Thanks for sharing the Readers/Web/Working_with_us link as a reminder - always good to coordinate up front and apologies that I didn't get you added to this ticket at the outset. If y'all got a chance to connect on a side thread already about the patch, great, but if not, anyway, for the future something we can plan for scheduling as appropriate for the maintaining team (in this case, Web).

Change #1077110 merged by jenkins-bot:

[mediawiki/extensions/WikimediaEvents@master] search satisfaction: track virtual page views

https://gerrit.wikimedia.org/r/1077110

Mentioned in SAL (#wikimedia-operations) [2024-10-28T22:09:54Z] <ebernhardson@deploy2002> Started deploy [airflow-dags/search@99eb6f3]: T375387: update discolytics to 0.27.0

Mentioned in SAL (#wikimedia-operations) [2024-10-28T22:10:44Z] <ebernhardson@deploy2002> Finished deploy [airflow-dags/search@99eb6f3]: T375387: update discolytics to 0.27.0 (duration: 00m 50s)

All the background bits have now been deployed and the hive table is now being augmented with virtual page view metrics.
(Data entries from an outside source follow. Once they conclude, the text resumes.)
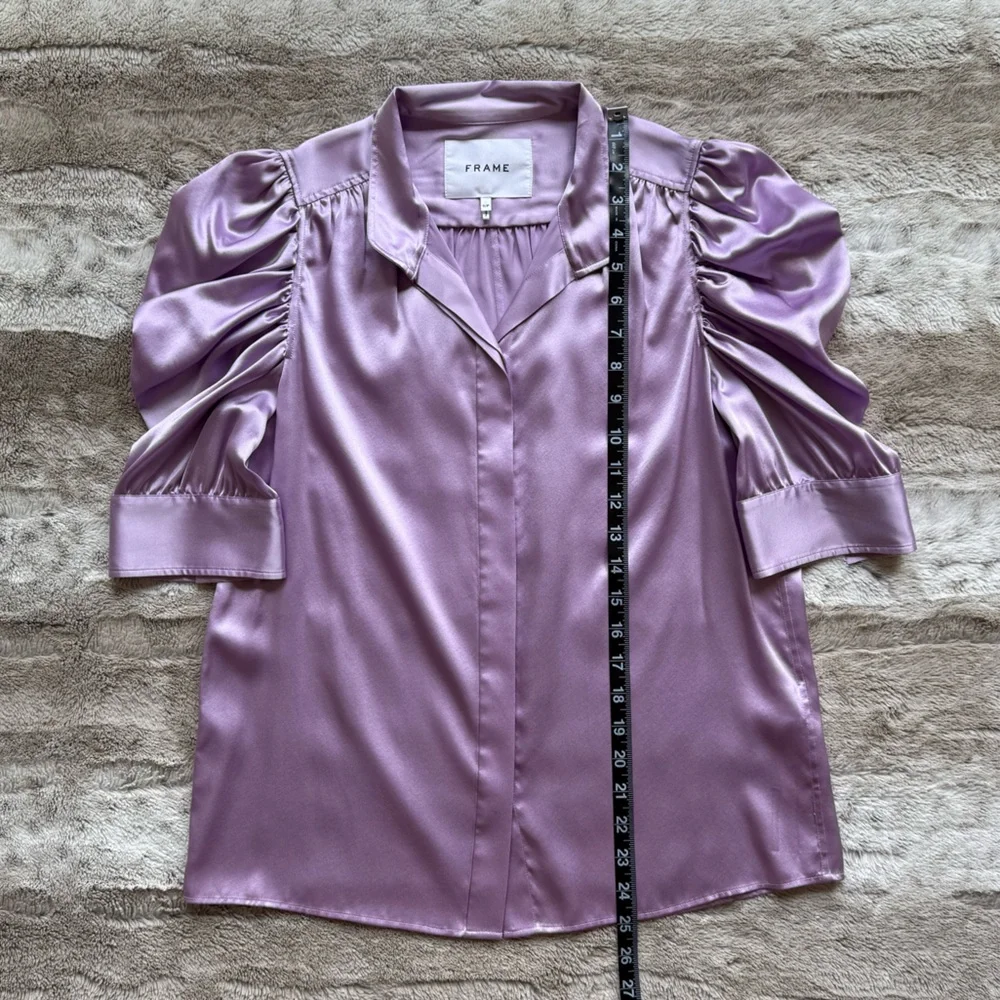FRAME Gillian Stretch Silk Blouse in Lilac Size S - Picture 11 of 16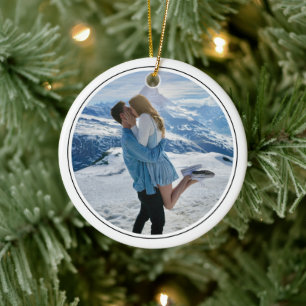 Ornamento De Cerâmica Foto de Engajamento de Casal Moderno Primeiro Nata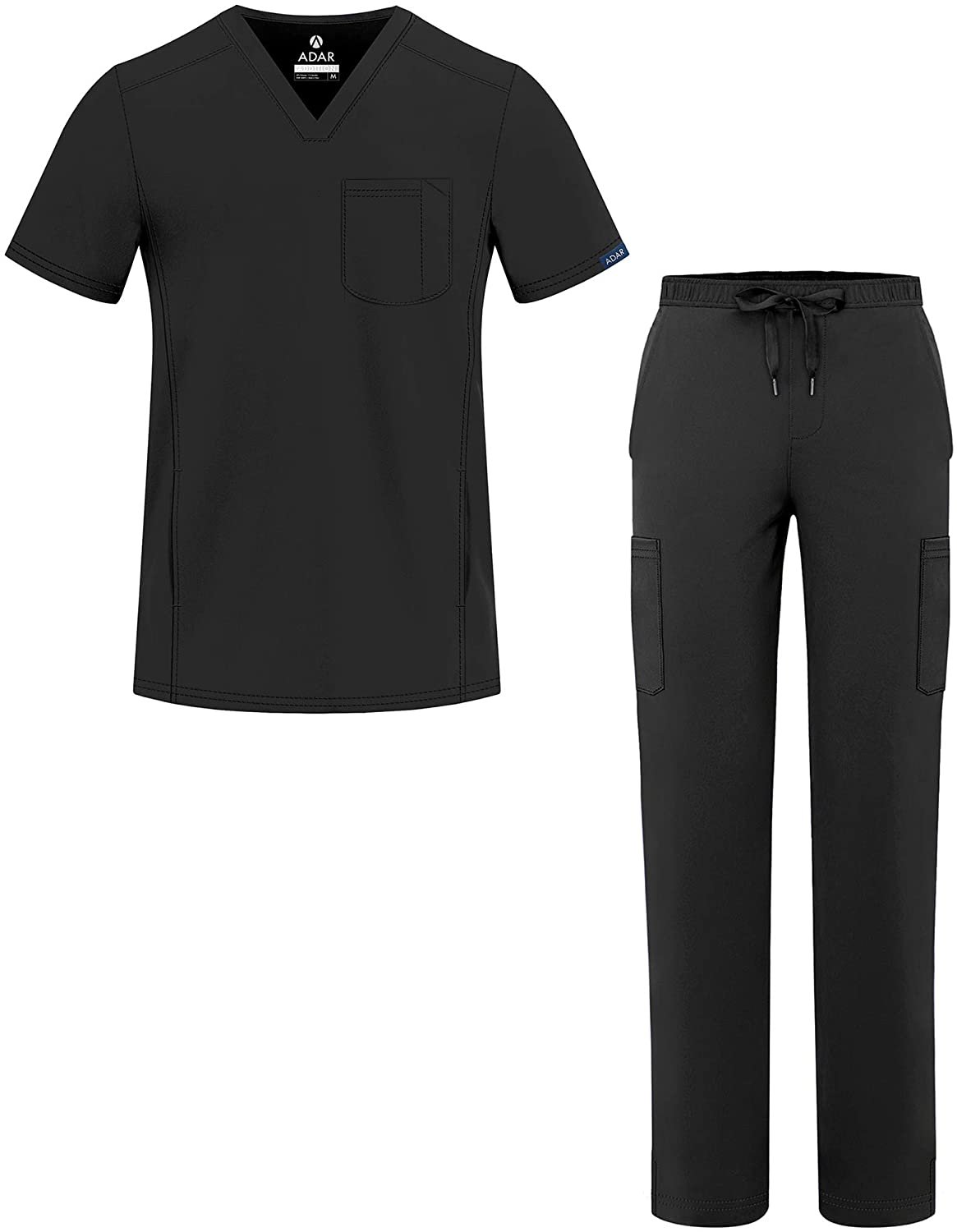 Adar Addition Go-Everyday Scrub Set for Men - Stylish Scrub Top & Cargo Scrub Pants - A9800 - Black - XS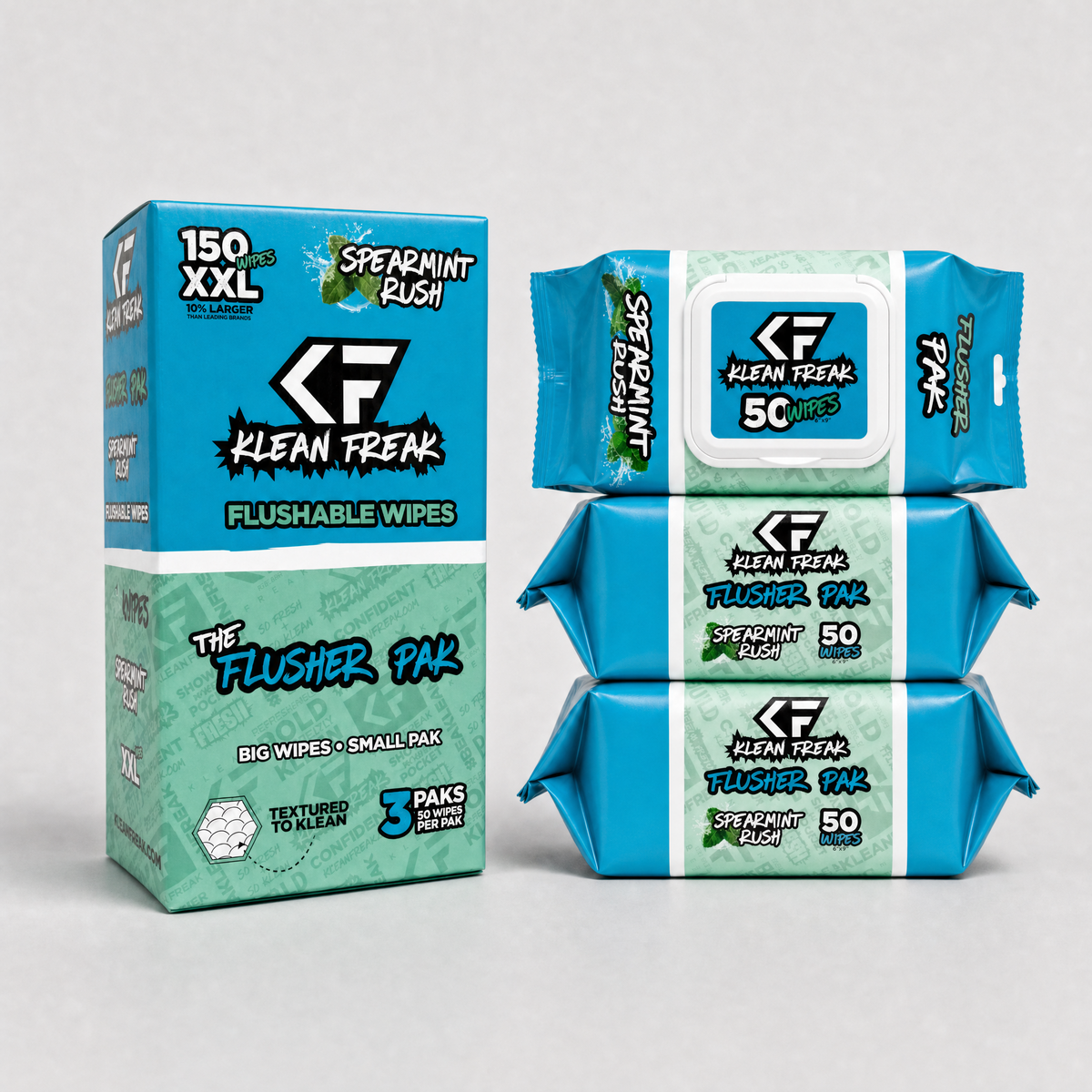 The Flusher 150 Wipes (3 • 50 Paks) Klean Freak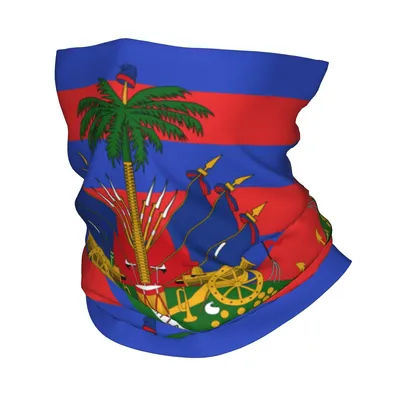 Bandana personnalisé avec l'emblème National d'haïti, chauffe-cou pour femmes et hommes, écharpe Tube de Ski d'hiver, guêtre, couverture faciale patriotique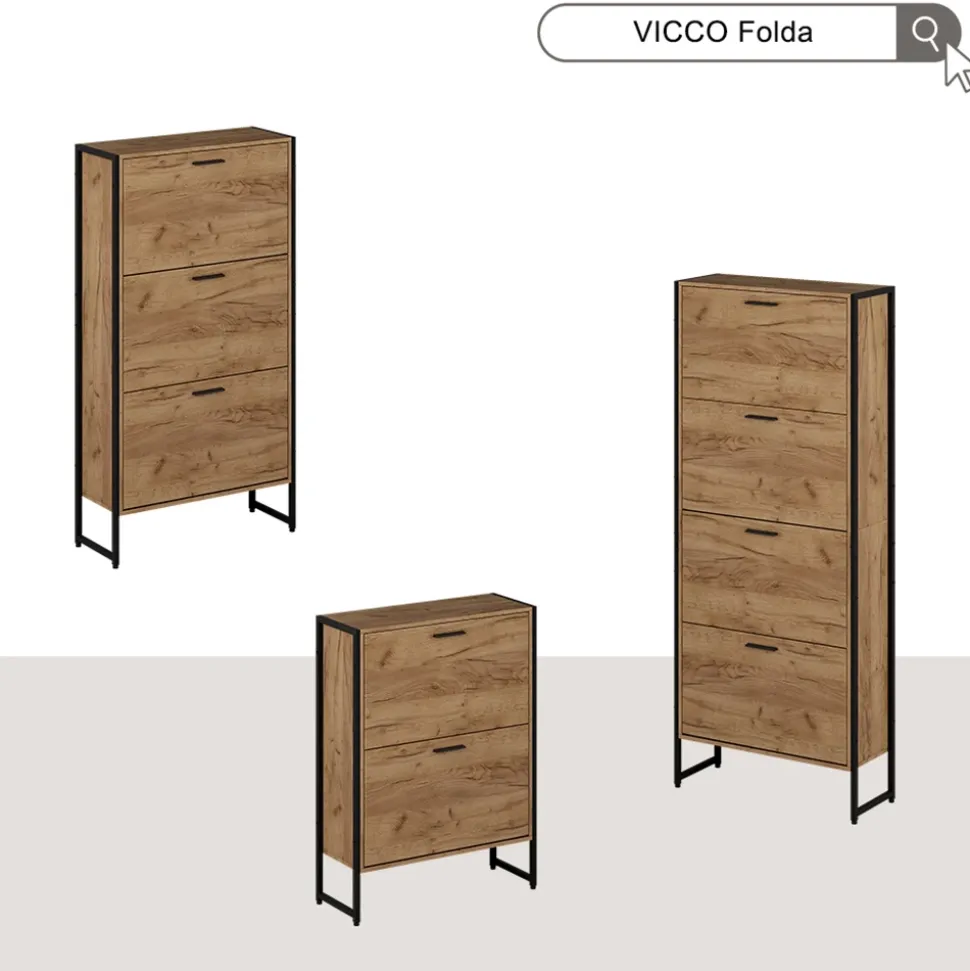 Schuhkipper Folda Goldkraft Eiche/Schwarz 63 x 119 cm mit 3 Kippfächern Vicco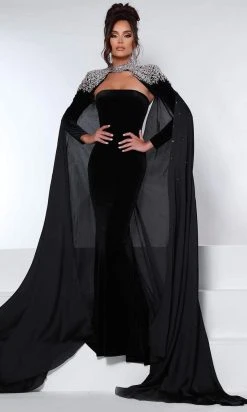 Johnathan Kayne - 2453 Straight Across Mermaid Long Sleeve Gown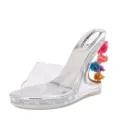 Transparente Keilabsatz Sandalen Damen bunte Blumen Anhänger Plateau High Heels Schuhe - 35 / Silber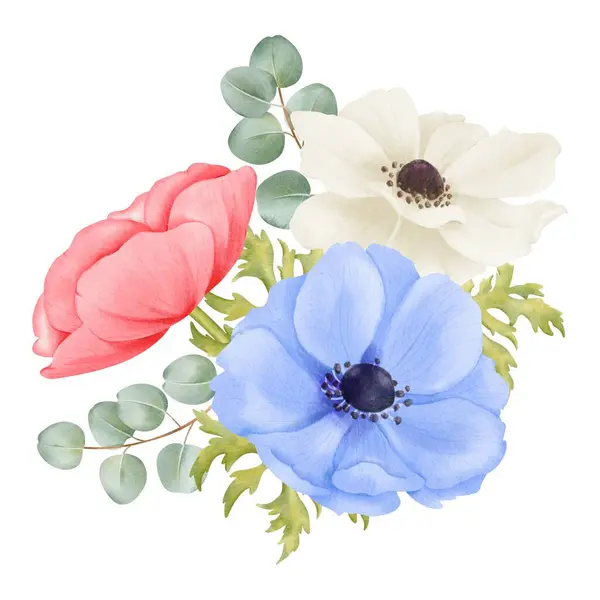 Watercolor Composition Pink White Blue Anemone Flowers Fresh Greenery Eucalyptus — Stock Photo, Image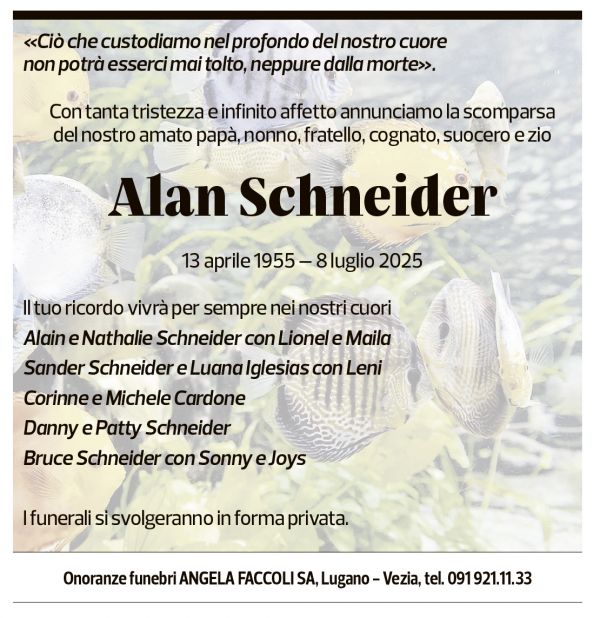 Annuncio funebre Alan Schneider
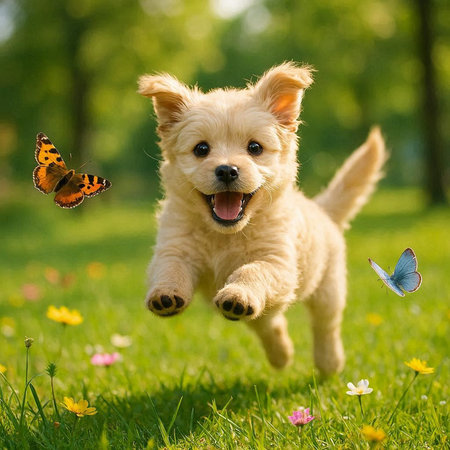 Cute little puppy running with butterfly on green grassの写真素材
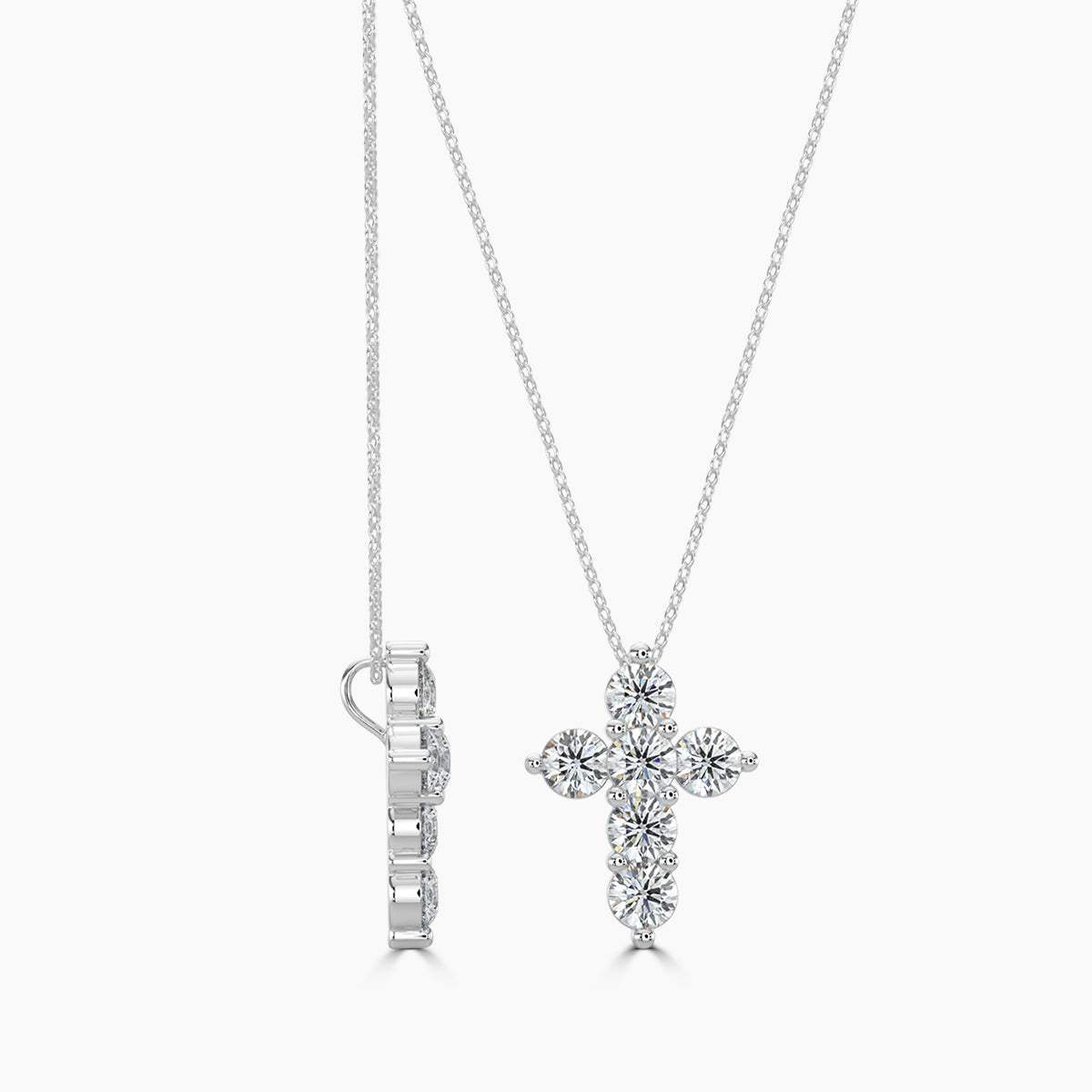 0.50 CTW Shared Prong Cross Diamond Pendant With Chain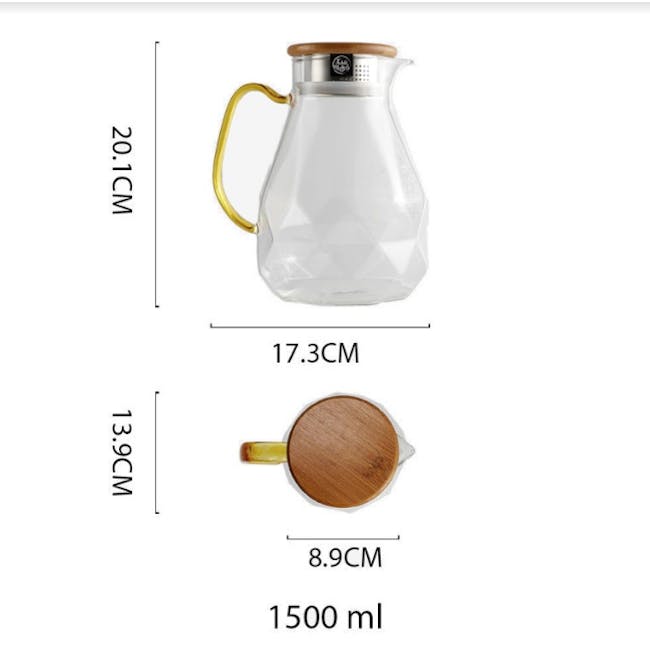 Table Matters Taikyu Gold Handle Diamond Jug 1.5L - 6 - 1 cm, 3 cm, 9 cm, 1500 ml, white pitcher, wooden lid, geometric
I've re-run the aggregations since last wednesday which should capture most of the time the events might have been shipping. Still need to update the dashboards to incorperate this data.

Updated https://superset.wikimedia.org/superset/dashboard/530 with minimal info in the Fulltext Abandonment chart. If I understood the metric properly only ~1% of sessions get a virtual PV without a click, I don't know if this is enough to consider it as a meaningful interaction nor if could be considered as successful sessions.
It is not entirely obvious how to integrate this data in current charts of the dashboard, it might make sense to have a "Fulltext Engagement" section where we could graph the various ways user interacts with the SERP.

Gehel subscribed.

The virtual PV is low enough to not be significant in the context of Search Abandonment. If we start tracking engagement in a more detailed way, then it would make sense to include virtual PV in that context. We've done enough work on this to be comfortable to close this.